Builds a plot from a dataframe. Same as compareNormalizationD but uses the library highcharter
Source: R/plots_normalization.R
compareNormalizationD_HC.Rd
Plot to compare the quantitative proteomics data before and after
normalization using the package highcharter
Usage
compareNormalizationD_HC(
qDataBefore,
qDataAfter,
keyId = NULL,
conds = NULL,
pal = NULL,
subset.view = NULL,
n = 100,
type = "scatter"
)
Arguments
- qDataBefore
A dataframe that contains quantitative data before normalization.
- qDataAfter
A dataframe that contains quantitative data after normalization.
- keyId
xxx
- conds
A vector of the conditions (one condition per sample).
- pal
xxx
- subset.view
xxx
- n
An integer that is equal to the maximum number of displayed points. This number must be less or equal to the size of the dataset. If it is less than it, it is a random selection
- type
scatter or line
Examples
data(Exp1_R25_prot, package="DaparToolshedData")
obj <- Exp1_R25_prot
qDataBefore <- SummarizedExperiment::assay(obj[[length(obj)]])

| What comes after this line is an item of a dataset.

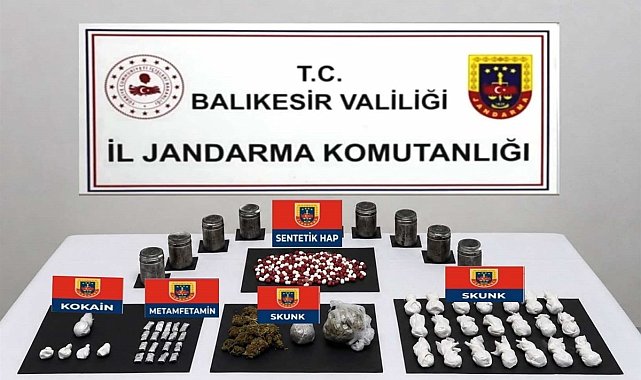 Balıkesir'de 13 ilçede uyuşturucu operasyonu; 46 şüpheliye gözaltı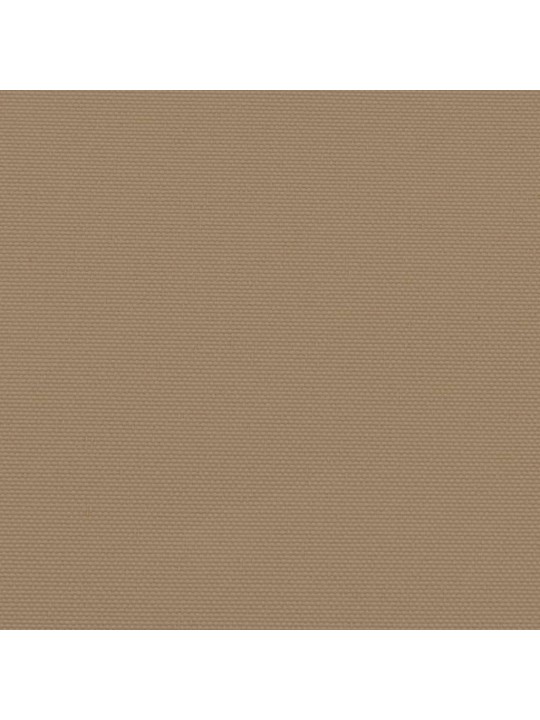 Zatahovací boční markýza taupe 200 x 600 cm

conds <- design.qf(obj)$Condition
id <- SummarizedExperiment::rowData(obj[[length(obj)]])[, omXplore::get_colID(obj[[length(obj)]])]
# pal <- ExtendPalette(2)
qDataAfter <- LOESS(qDataBefore, conds, type = "overall")
n <- 1
compareNormalizationD_HC(
qDataBefore = qDataBefore,
qDataAfter = qDataAfter,
keyId = id,
pal = NULL,
n = n,
subset.view = seq_len(n),
conds = conds)
#> Warning: Color palette set to default.